I found out today that one of my favourite teachers from highschool, Narelle Ward, has died. I’m not sure of the particulars, but I’m sorry that she’s gone. She taught me English in years 11 and 12, a time during which I almost universally lost faith in the idea that NSW schools were capable of teaching English at all, let alone well. Mrs Ward was unique in standing apart from my cynicism: she suffered no fools, had a wicked sharp sense of humour and knew how to use it. While other teachers tried to pussyfoot around the incomprehensible jargon thrown at us by the Board of Studies, she stated frankly that of course it made no sense – but I didn’t write it, don’t blame me – the system had weathered worse before and even if the wording was a load of rubbish, we were still bright enough to dig around and discern what was actually meant. Which, with her help, we were.

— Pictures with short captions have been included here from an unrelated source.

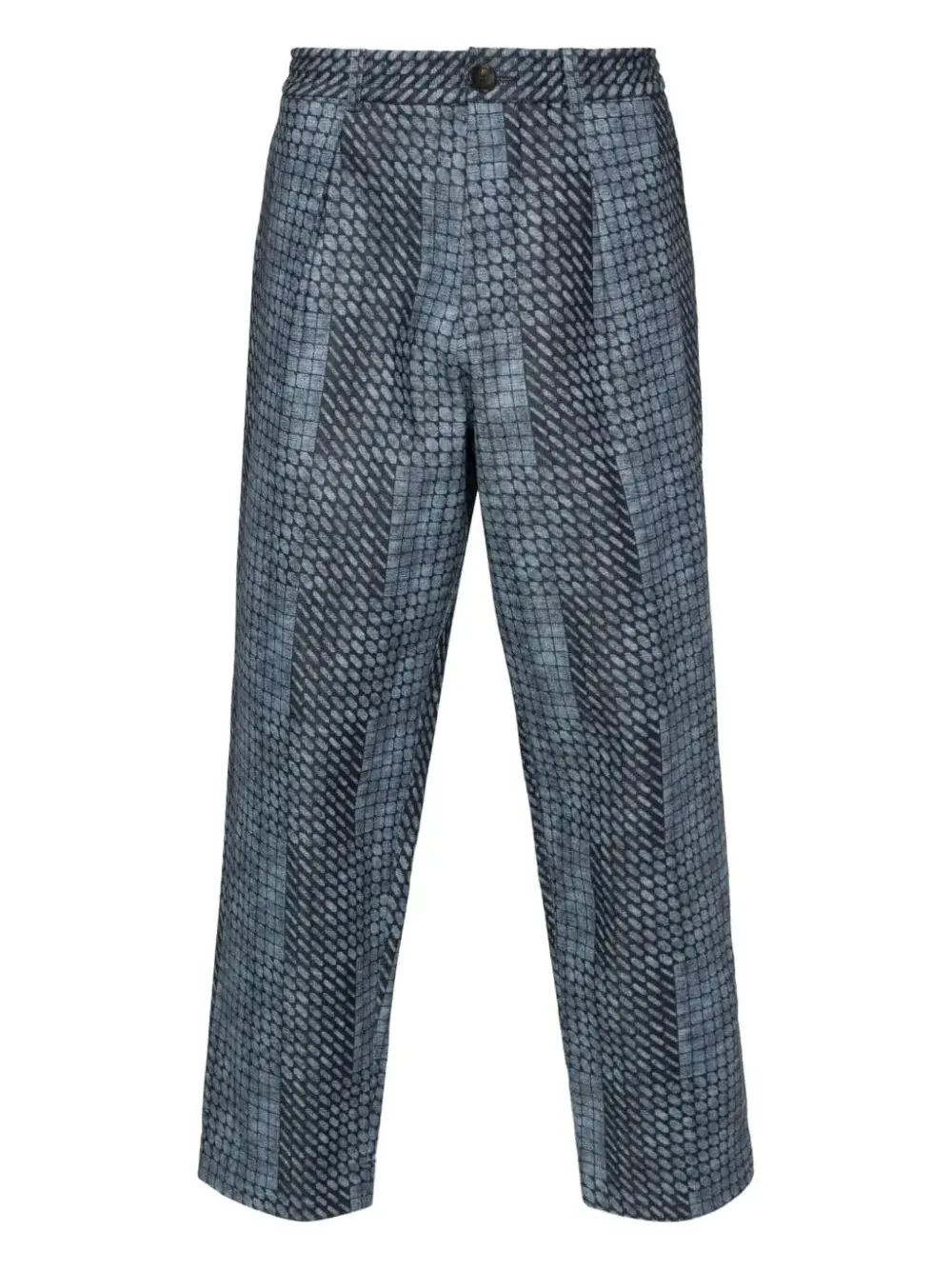 Брюки с узором Pierre-Louis Mascia, синий
Брюки с узором Pierre-Louis Mascia, синий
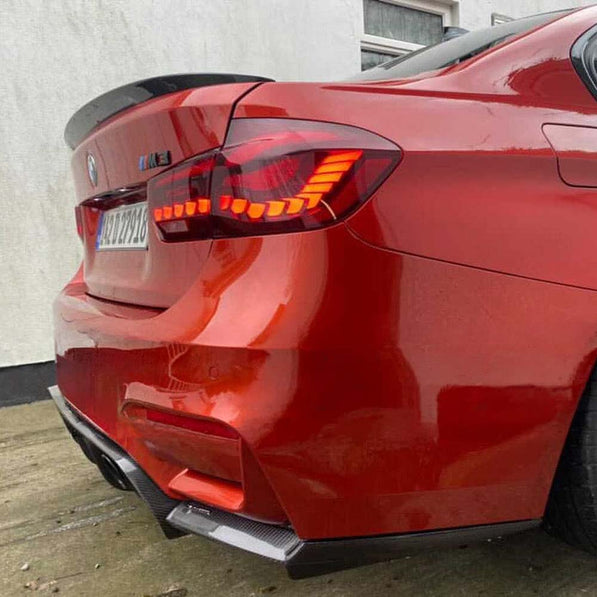 BMW M3 F80 & F30 3 SERIES CARBON FIBRE SPOILER - V4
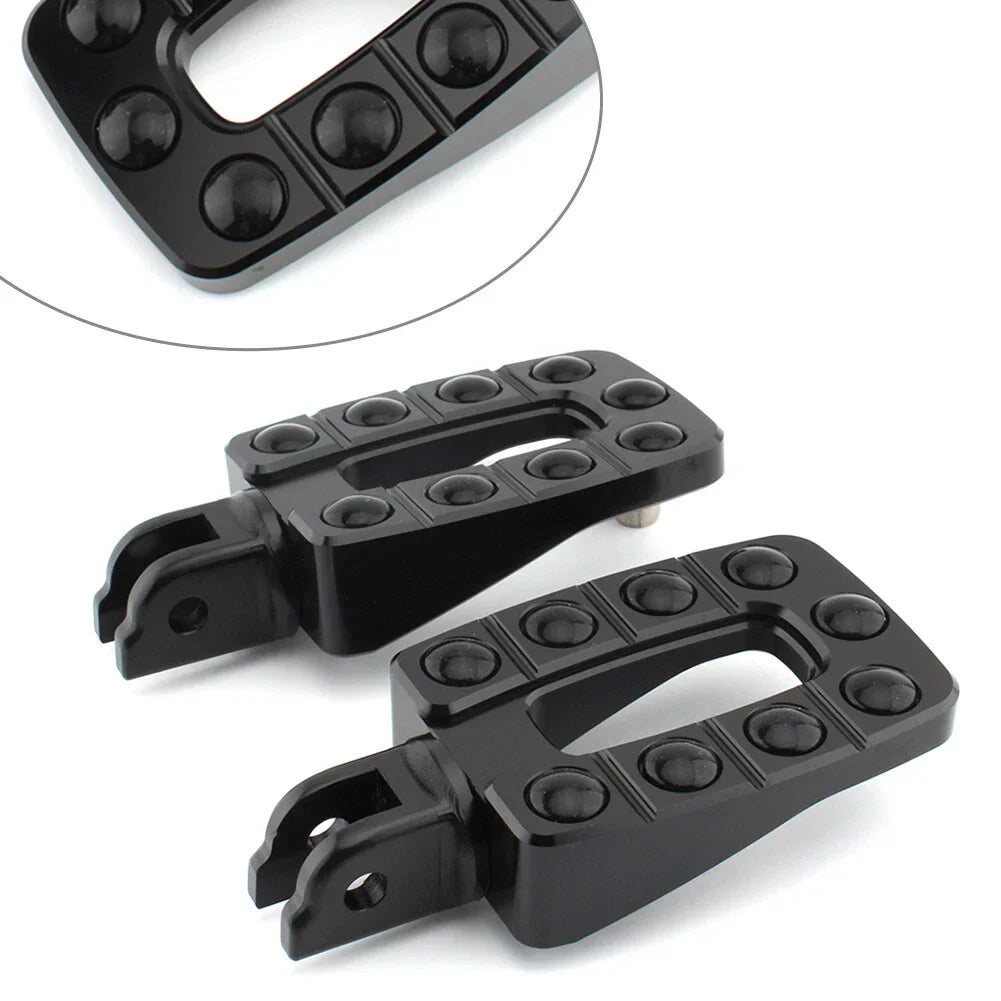 Non-slip Driver Foot Pegs for Harley Softail Fat Boy Street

When I egotistically complained that a short story I’d entered in a competition probably hadn’t won on the grounds of being fantasy, it was Mrs Ward who tactfully removed the chip from my shoulder, citing chapter and verse on other student sci-fi stories which had won in similar circumstances. ‘It’s not about genre – it just has to be good,’ she said, not as criticism of my writing, but as a reminder that no matter how well I wrote, it was perfectly possible that others could write even better.

Like all the best teachers, she told us stories that had nothing to do with class: about her life, about her family. The first word her twin boys learned from her, she joked, was ‘share!’ . Once, she taught with a young, passionate, red-headed woman, who, in protest at the expected dress code for female teachers, stormed into the headmaster’s office wearing only red high heels, the bottom half of a bikini and a white men’s business shirt – and this was in the seventies. Mrs Ward was one of those rare teachers who not only knew how to discipline the rowdier elements in her classroom, but still be liked. She was fair, fiercely intelligent and believed in her job; because ultimately, she believed in her students.

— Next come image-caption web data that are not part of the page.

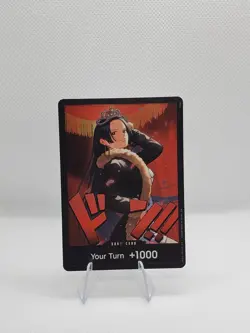 DON!! Card (Boa Hancock) Extra Booster: One Piece Heroines Edition Foil - Image 2
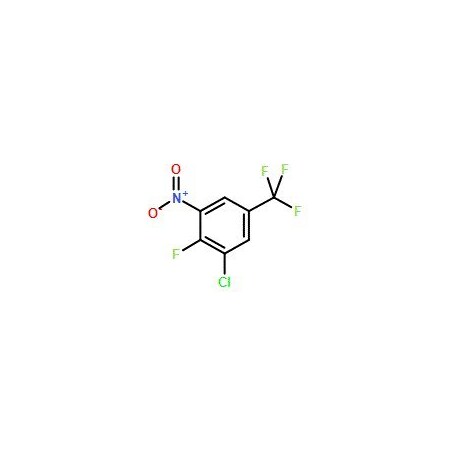 Ak Scientific 3-Chloro-4-fluoro-5-nitrobenzotrifluoride (5g), CAS 101646-02-0 7403AC-5g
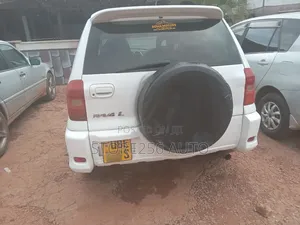 Toyota RAV4 X 2002 White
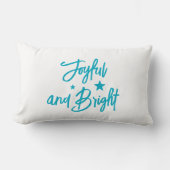 Christmas ランバークッション (正面)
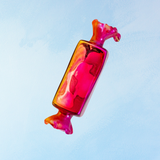 ornament - glass candy (assorted colours)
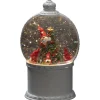 Konstsmide LED Kugellaterne Santas Weiß 1 Warm-Weiße Diode
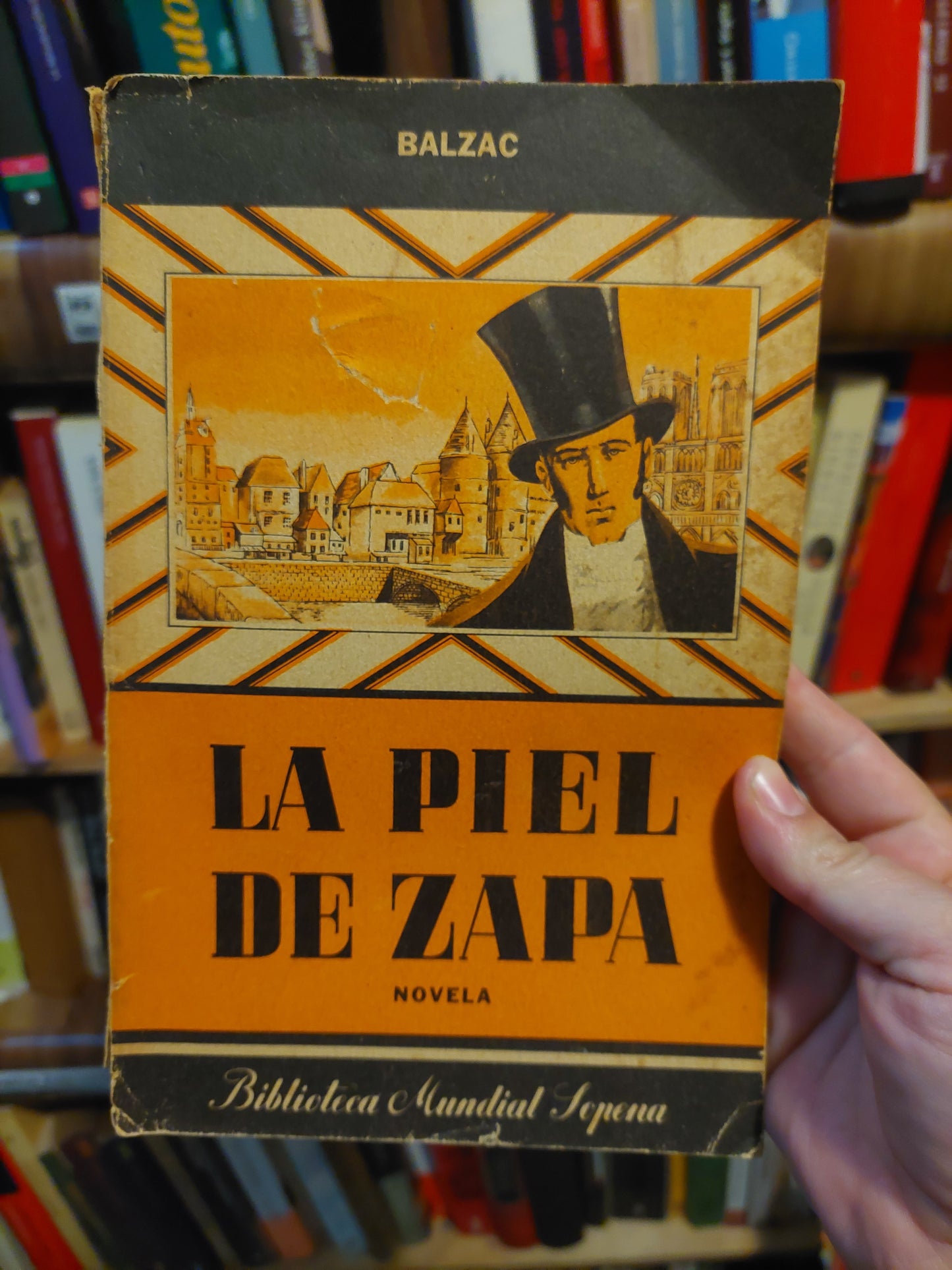 La piel de Zapa - Balzac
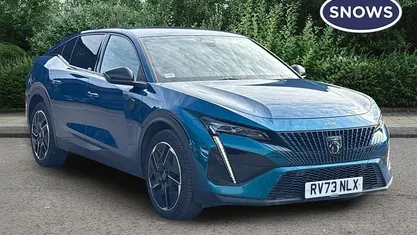 Used Peugeot 408 GT 131 HP (96 kW) 2024 Blue SUV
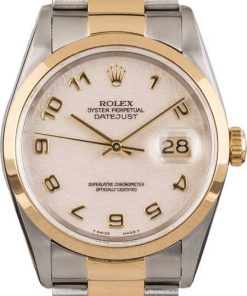 HandMade The Rolex Datejust 16203 Ivory Jubilee Dial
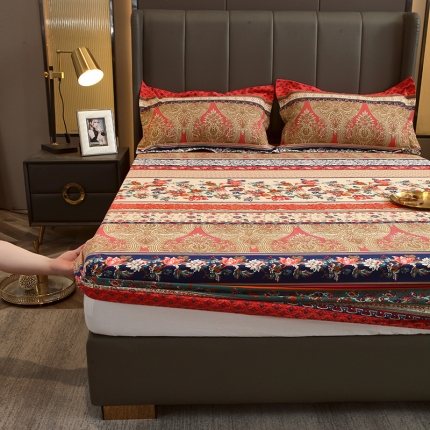 91家纺网 家纺一手货源 找家纺 （总）宝莱利家纺 2024加厚磨毛床笠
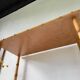 Large rattan shelf 1960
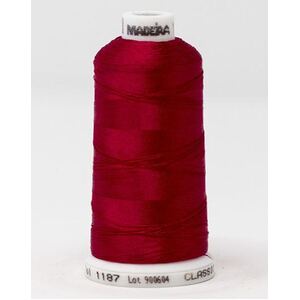 Madeira Classic Rayon 40, #1187 ORCHID 1000m Embroidery Thread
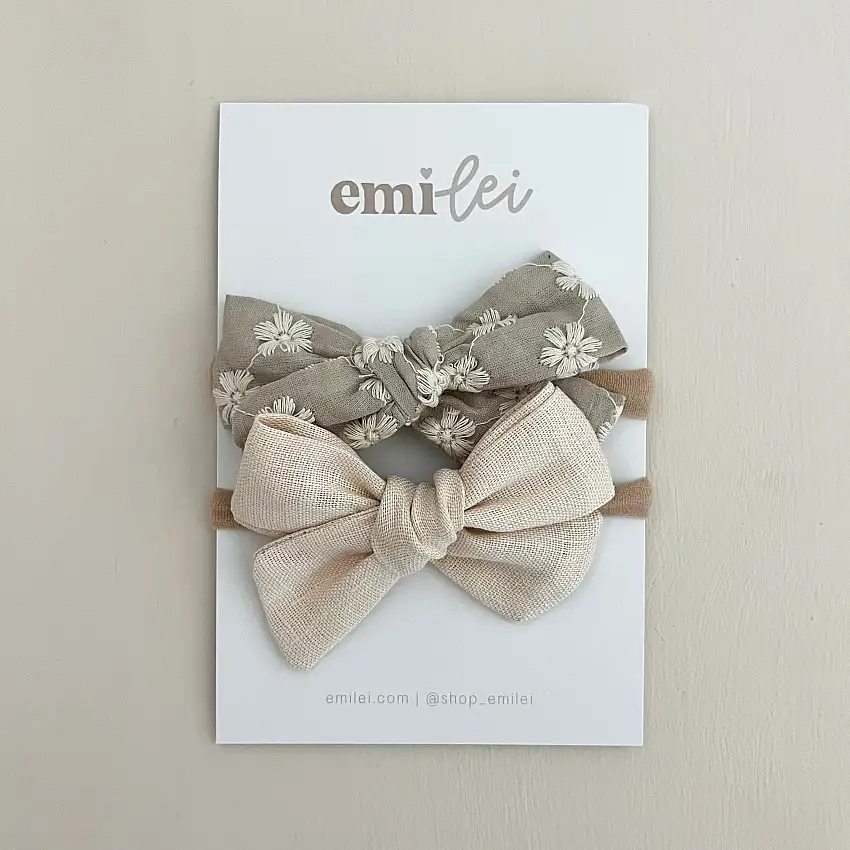 Bow Headbands & Clips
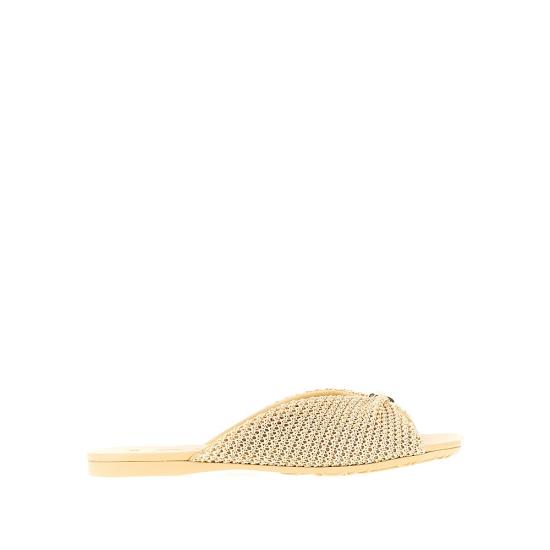 26SS 로에베 뮬/슬리퍼 LLPF465X01 Beige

It’s always hard to tell in retrospect, but I believe she liked me. It’s rare for student and teacher to share any conversation outside class or the hearing of classmates, but from time to time, we did, whether it was walking between buildings or in odd corners of the day. When my short, unassuming, tweed-jacketed Latin teacher was fined for speeding outside the school, I ended up being, via the circuitous route of a strange morning, the first one to tell Mrs Ward the news, having just walked through the tutor’s study and straight into the laughter-filled aftermath of Mr Tate’s confession. The astonished, scandalised and delighted look on her face, coupled with her low-voiced, disbelieving, ‘No-o!’  remains one of my favourite high school memories.

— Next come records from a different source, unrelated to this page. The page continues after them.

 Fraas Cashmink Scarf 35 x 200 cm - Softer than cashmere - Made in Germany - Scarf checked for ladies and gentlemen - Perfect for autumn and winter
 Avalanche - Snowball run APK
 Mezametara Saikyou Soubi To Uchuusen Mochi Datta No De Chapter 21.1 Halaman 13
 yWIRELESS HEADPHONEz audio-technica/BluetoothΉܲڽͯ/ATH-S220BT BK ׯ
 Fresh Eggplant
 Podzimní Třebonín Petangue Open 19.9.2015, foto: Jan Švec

For all of that, I can’t claim to have known Narelle Ward well. But she had an impact on my life, and perhaps – as students somtimes do – I impacted on her, too. I’m sorry that she’s gone, and that I won’t get to see her again at our five year reunion. I’d been looking forward to hearing her jokes and observations, and seeing how she was. Now I won’t. But I can think of her, instead.

Thanks, Mrs Ward. You’ll be missed.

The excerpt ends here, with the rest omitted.